In one of the sections, a mucinous component was identified. This was composed histologically of a cyst lined by a single layer of benign mucinous epithelium. No nuclear pleomorphism, stratification of epithelium or invasion into underlying stroma was seen (Figures 3 and 4).
Based on the histological and immunohistochemical features, a diagnosis of primary neuroendocrine carcinoma of non-small cell type admixed with benign mucinous cystadenoma in the same ovary was made. The presence of the mucinous component supports the diagnosis of the former.
Discussion
Only eight cases of this distinct neoplasm have been reported in world literature.1-5 Grossly, these tumors are similar in appearance to other malignant ovarian tumors with grayish cut surface along with hemorrhagic and necrotic areas.1 Histologically, these tumors are composed of solid sheets, islands, nests andcords of tumor cells. The cells are large having big, pleomorphic nuclei. The nuclei are hyper chromatic or vesicular, some having prominent nucleoli.
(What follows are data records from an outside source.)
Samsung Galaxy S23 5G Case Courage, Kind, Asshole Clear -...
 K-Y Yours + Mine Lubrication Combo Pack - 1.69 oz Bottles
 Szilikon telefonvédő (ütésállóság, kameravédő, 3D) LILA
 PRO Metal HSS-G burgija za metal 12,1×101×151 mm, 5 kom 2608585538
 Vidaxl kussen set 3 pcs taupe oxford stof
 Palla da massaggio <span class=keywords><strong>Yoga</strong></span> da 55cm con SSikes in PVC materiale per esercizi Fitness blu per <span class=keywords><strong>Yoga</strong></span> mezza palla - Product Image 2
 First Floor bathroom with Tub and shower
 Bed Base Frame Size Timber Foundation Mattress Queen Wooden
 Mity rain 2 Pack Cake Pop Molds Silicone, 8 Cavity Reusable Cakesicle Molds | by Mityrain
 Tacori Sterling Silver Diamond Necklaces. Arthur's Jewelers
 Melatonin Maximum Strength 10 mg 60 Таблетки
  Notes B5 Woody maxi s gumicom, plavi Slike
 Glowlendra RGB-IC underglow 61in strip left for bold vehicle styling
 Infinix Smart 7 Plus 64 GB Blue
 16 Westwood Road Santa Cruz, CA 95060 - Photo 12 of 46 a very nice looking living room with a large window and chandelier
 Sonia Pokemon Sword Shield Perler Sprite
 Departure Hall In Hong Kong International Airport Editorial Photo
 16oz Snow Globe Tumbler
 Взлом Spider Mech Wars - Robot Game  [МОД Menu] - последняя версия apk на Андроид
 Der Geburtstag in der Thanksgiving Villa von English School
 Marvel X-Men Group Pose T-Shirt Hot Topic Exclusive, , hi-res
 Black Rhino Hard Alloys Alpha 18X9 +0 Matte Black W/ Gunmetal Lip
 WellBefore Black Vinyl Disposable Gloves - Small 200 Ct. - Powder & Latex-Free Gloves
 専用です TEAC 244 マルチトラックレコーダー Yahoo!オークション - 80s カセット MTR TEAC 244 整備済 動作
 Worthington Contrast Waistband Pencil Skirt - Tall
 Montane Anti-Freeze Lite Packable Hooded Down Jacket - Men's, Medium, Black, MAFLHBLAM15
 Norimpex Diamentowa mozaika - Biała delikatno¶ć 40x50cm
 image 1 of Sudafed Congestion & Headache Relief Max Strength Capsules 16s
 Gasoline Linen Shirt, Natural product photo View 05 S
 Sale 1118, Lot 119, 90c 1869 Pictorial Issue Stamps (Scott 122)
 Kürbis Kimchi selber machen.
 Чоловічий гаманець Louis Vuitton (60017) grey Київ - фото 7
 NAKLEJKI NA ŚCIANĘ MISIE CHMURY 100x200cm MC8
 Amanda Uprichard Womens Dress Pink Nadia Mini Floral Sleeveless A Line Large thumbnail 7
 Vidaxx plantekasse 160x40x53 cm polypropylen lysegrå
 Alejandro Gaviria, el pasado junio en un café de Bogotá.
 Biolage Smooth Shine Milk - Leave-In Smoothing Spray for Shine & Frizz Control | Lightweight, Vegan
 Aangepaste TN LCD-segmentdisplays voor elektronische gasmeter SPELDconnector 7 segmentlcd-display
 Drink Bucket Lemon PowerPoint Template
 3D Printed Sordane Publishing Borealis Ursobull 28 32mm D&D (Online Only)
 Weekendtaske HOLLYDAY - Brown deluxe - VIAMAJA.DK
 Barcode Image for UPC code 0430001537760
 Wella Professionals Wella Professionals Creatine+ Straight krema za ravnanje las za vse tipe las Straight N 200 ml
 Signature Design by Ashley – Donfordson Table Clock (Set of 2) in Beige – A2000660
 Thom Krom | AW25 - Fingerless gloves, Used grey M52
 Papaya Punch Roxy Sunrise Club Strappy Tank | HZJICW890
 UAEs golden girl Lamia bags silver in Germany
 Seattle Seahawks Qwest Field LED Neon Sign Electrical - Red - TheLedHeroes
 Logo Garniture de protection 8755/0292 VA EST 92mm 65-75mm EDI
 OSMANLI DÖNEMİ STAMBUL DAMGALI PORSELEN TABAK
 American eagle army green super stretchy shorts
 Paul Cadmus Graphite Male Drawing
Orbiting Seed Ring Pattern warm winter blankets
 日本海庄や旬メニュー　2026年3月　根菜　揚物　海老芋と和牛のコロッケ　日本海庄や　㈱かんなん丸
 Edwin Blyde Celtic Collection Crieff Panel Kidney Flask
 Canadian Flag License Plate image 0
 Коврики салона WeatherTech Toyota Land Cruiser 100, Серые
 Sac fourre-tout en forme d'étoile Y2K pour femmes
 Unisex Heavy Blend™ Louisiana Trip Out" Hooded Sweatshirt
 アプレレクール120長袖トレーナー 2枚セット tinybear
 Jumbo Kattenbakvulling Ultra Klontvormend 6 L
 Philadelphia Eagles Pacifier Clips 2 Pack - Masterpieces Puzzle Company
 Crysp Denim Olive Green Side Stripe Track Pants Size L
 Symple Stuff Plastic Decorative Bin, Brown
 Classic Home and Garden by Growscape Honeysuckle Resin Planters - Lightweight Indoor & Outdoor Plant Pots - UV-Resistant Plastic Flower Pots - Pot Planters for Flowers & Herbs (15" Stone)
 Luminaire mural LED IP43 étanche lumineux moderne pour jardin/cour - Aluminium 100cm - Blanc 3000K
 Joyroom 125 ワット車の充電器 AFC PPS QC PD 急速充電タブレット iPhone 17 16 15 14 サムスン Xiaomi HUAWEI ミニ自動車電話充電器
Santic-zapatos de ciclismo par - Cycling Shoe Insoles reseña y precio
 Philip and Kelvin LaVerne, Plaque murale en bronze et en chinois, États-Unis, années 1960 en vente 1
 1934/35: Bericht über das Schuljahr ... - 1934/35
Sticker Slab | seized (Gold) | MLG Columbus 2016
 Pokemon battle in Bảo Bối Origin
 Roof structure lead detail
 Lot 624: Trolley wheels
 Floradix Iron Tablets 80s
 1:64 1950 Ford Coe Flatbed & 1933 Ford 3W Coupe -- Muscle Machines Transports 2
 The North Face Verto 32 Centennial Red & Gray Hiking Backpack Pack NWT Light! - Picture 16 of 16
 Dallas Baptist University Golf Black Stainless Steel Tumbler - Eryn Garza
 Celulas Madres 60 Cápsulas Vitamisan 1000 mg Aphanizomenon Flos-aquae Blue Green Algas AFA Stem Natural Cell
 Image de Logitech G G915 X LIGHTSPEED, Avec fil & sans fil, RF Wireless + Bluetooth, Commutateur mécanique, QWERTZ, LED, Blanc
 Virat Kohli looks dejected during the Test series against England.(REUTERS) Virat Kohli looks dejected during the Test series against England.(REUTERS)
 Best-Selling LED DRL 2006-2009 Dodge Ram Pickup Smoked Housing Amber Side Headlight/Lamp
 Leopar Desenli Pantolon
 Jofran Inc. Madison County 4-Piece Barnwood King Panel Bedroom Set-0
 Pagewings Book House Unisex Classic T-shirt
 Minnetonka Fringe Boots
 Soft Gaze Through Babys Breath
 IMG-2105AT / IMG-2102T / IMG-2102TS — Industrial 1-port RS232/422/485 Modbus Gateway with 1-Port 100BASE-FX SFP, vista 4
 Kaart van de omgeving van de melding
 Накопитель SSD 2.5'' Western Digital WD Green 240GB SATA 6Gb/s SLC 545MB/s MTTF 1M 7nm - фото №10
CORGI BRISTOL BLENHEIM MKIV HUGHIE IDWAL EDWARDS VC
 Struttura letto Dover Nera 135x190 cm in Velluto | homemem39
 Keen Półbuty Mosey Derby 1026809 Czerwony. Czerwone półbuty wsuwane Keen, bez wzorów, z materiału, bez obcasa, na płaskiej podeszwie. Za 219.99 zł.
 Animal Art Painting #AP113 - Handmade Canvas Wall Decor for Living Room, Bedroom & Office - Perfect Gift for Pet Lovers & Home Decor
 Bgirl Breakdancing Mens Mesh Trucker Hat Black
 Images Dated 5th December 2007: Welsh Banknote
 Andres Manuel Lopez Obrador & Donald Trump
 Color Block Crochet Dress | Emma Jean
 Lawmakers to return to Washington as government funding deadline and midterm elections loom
Cytoplasm is variable in amount ranging from
scanty to abundant. Mitotic activity is variable although it is usually brisk and abnormal mitoses are present. Immunohistochemically, the tumor cells show positivity with cytokeratins, neuroendocrine markers chromogranin, synaptophysin, neuron specific enolase and serotonin.2-4
The tumor may morphologically resemble carcinoid tumor of the ovary but cells are larger with much greater cellular and nuclear pleomorphism. In addition, the presence of surface epithelial-stromal component helps to differentiate between these tumors. It is very important to distinguish between the two since prognosis of neuroendocrine carcinoma of non-small cell type is much worse. In the series of five cases reported by Eichhorn et al, three patients died in a period of eight to thirty-six months postoperatively inspite of the fact that two of these patients received chemotherapy and the third one received radiation therapy. In the case reported by Jones et al4, the patient developed peritoneal implants and liver metastases and died of disease within ten months of initial presentation. This poor prognosis is seen in spite of the fact that six of the eight reported cases were stage 1 tumors at the time of initial presentation.1
The size of the tumor cells and the presence of surface epithelial stromal component distinguishes this neoplasm from ovarian carcinoma of small cell pulmonary ype.3 However, the distinction between these neoplasms is not important prognostically. The presence of surface epithelial stromal component confirming the ovarian origin differentiates this tumor from metastatic small cell carcinomas to the ovary.1,5
Of the eight reported cases, surface epithelial-stromal component was mucinous in seven. One patient had an endometrioid carcinoma.1 Of the five cases reported by Eichhorn et al2, two patients had mucinous adenocarcinoma while two other patients had borderline mucinous neoplasms with foci of invasion. Our patient had a benign mucinous cystadenoma. The case reported by Jones et al4 also had a mucinous cystadenoma.
References
1. Talerman A. Nonspecific tumors of the ovary, including mesenchymal tumors and malignant lymphoma. In: Kurman RJ (ed): Blaustein's Pathology of the female genital tract. 5th ed. NewYork: Springer-Verlag, 2002, pp. 1035-61.
2. Eichhorn JH, Lawrence WD, Young RH, Scully RE. Ovarian neuroendocrine carcinomas. A study of five cases and review of the literature. Int J Gynecol Pathol 1996;15:303-14.
3. Scully RE, Young RH, Clement PB. Tumors of the ovary, maldeveloped gonads, fallopian tube and broad ligament. V. 23, 3rd series. Washington DC: Armed Forces Institute of Pathology.1998, pp. 313-14.
4. Jones K, Diaz JA, Donner LR. Neuroendocrine carcinoma arising in an ovarian mucinous cyst adenoma. Int J Gynecol Pathol 1996;15:167-70.
5. Chen KTK. Composite large cell neuroendocrine carcinoma and surface epithelial neoplasms of the ovary. Int J Surg Pathol 2000; 8: 169-74.